- [Task objective]
Retype exactly the lines below, starting with the line that contains "Four ACES Color" and ending with the last line; leave out any pictures.

- [Stored data]
***
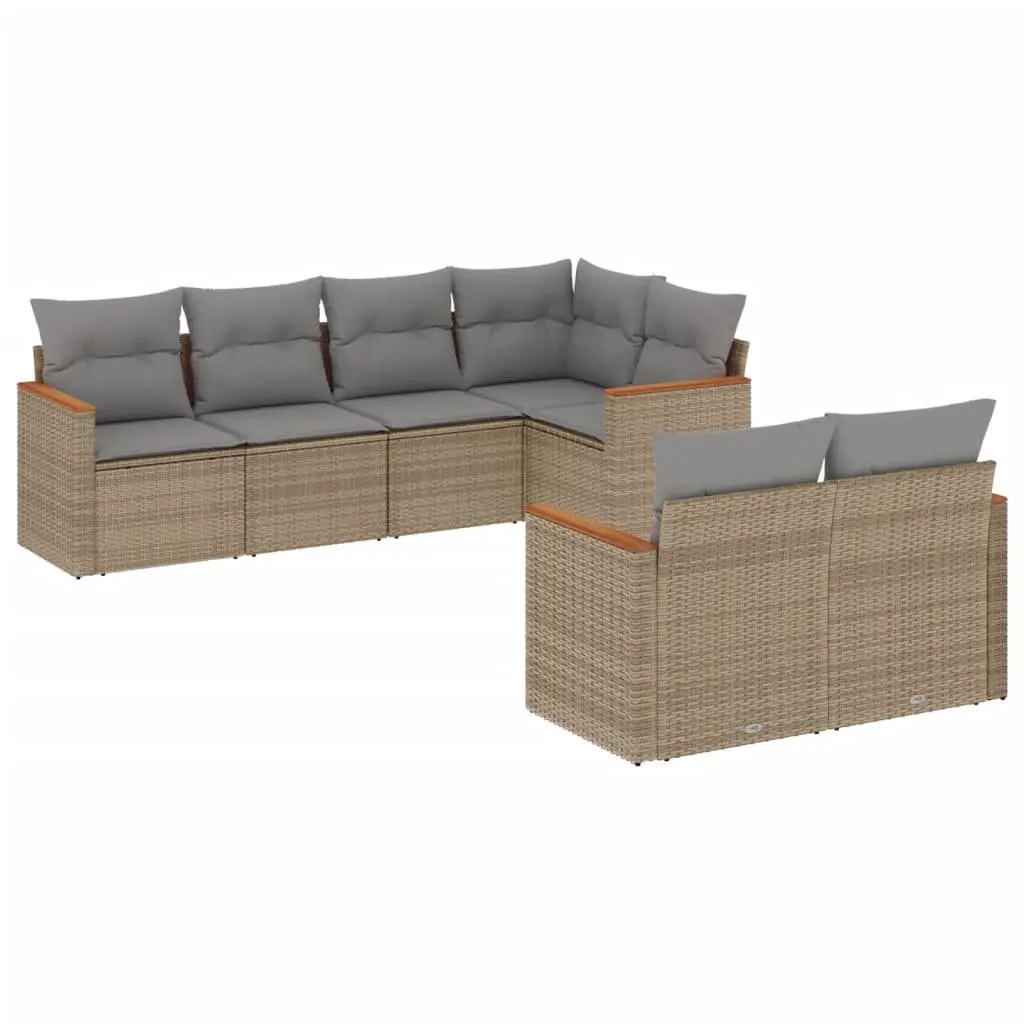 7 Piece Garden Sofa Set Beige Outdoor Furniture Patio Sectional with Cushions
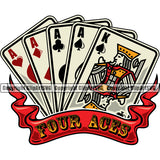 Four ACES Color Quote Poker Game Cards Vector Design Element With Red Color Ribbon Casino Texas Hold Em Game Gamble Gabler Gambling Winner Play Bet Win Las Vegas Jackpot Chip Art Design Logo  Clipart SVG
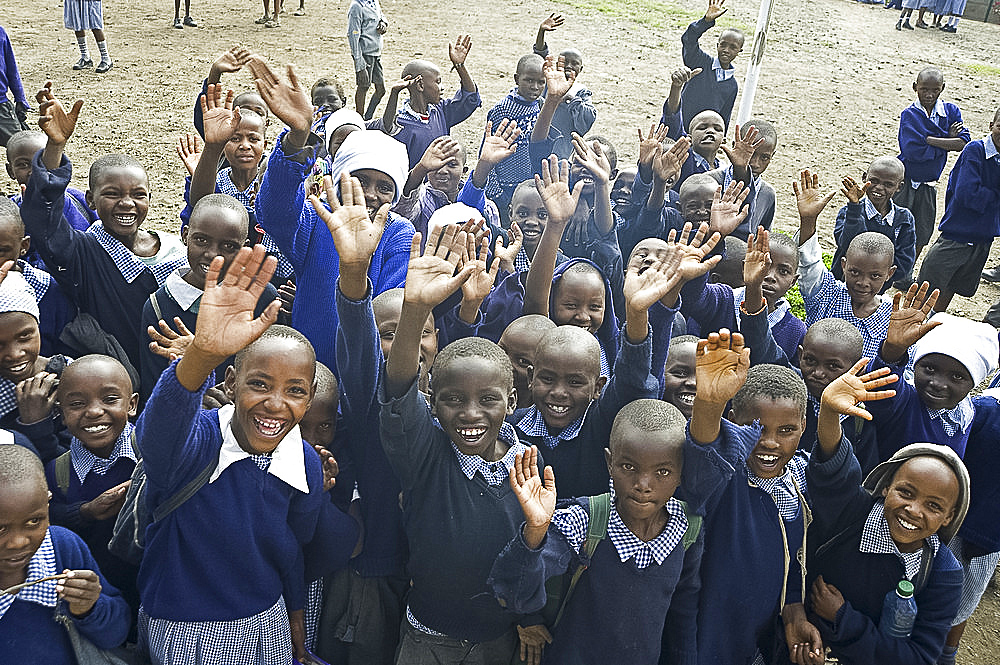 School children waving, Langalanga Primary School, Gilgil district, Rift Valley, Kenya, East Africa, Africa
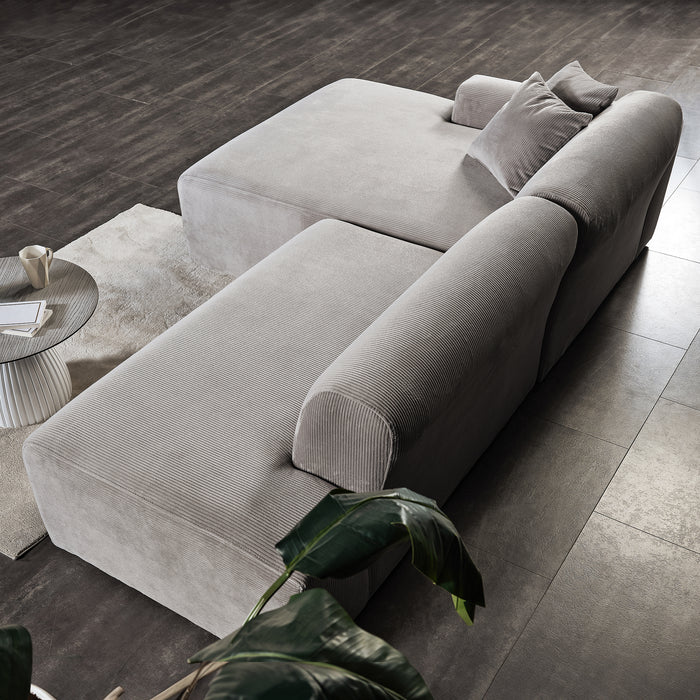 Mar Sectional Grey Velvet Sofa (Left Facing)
***
- [Response to the task]
 Four ACES Color Quote Poker Game Cards Vector Design Element With Red Color Ribbon Casino Texas Hold Em Game Gamble Gabler Gambling Winner Play Bet Win Las Vegas Jackpot Chip Art Design Logo  Clipart SVG
 School children waving, Langalanga Primary School, Gilgil district, Rift Valley, Kenya, East Africa, Africa
 Mar Sectional Grey Velvet Sofa (Left Facing)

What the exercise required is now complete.